Hanging around Munich and then en route to Paris I read Ernest Hemingway's A Moveable
Feast - I can't recommend a better introduction to the City of Light. Paris as it was
perhaps, but Paris at its best. After reading it I had to be there RIGHT AWAY!
I first visited Paris in late Spring twenty-one years ago. After de-training at the
Gare I found very reasonable lodging at a small place on the Left Banke called the
Hôtel Saint-Michel, just behind the Place St. Andre des Arts. My room was five
flights up. There was a little fountain in the lobby, at the base of the corkscrew
stairway, which contained a single goldfish.

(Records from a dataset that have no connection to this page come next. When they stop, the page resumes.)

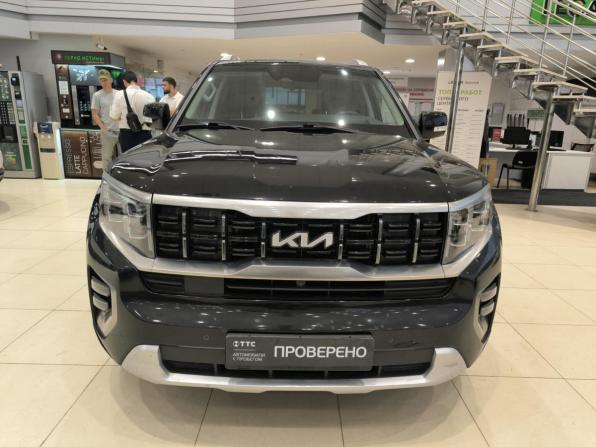 Kia Mohave I Рестайлинг 2 с пробегом 2020 года, цена 3 950 000 рублей, 139400 км, внедорожник, Автокод Объявления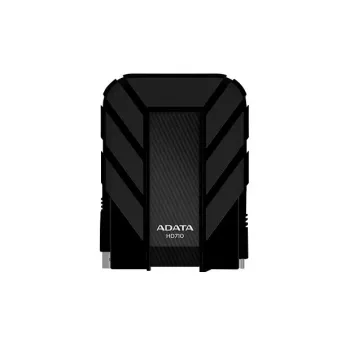 Išorinis kietasis diskas ADATA HD710 Pro 4 TB 2,5 colio USB 3.2 Gen 1 (3.1 Gen 1) juodas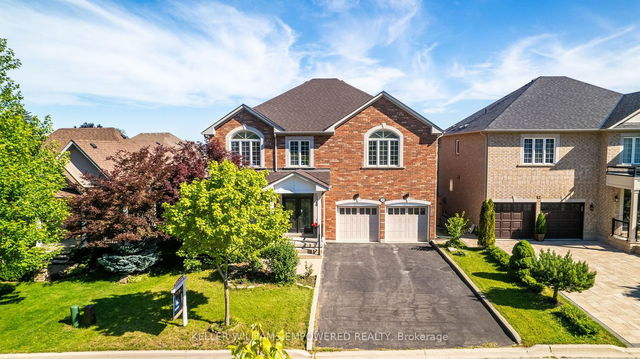 50 Timber Valley Avenue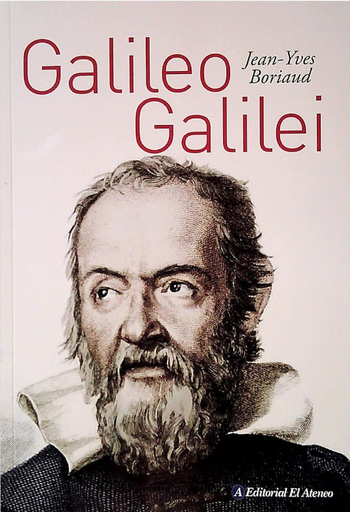 [9789500209717] GALILEO GALILEI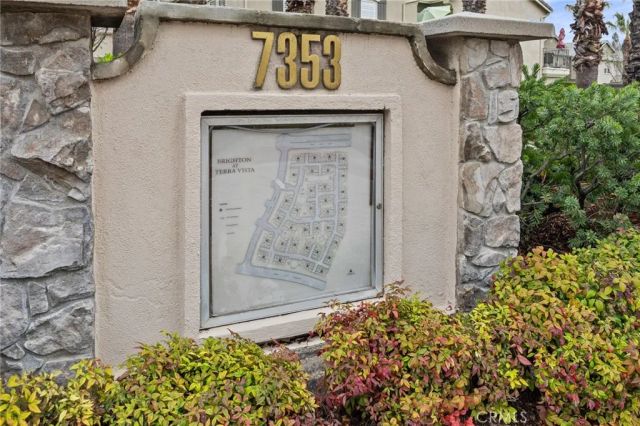 7353 Ellena West Unit 112 West, Rancho Cucamonga, CA 91730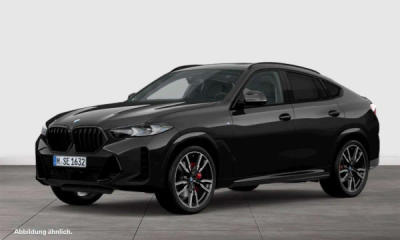 BMW X6 XDrive30d M Sport -  - Joinsteer - #1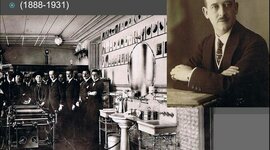 Timeline: HISTORIA DE LA RADIOTERAPIA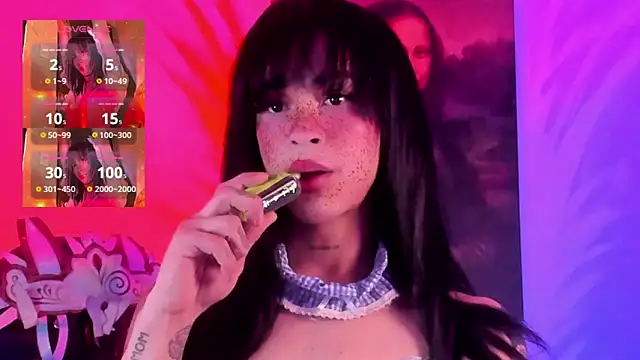 Snapshot of stormytt_ chatting on October 4, 7:17 am stormytt online show from October 4, 7:17 am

My last visit to Paris was a stay of several days with David in 1984, at the end of my Scandinavian
tour of Europe. He was house-sitting for the owner of a Southwestern shop & had the run of her adjacent
apartment. It was such a relief to be in Paris with him, since his knowledge of the language meant I
could stand by, mute, whenever any French needed speaking. I met his boyfriend Peter on that trip - he
would die the next year, and David returned to the USA the year following. Since David's death I've only had marginal
interest in a Parisian return, although this trip coming up I may visit their second city, Lyons.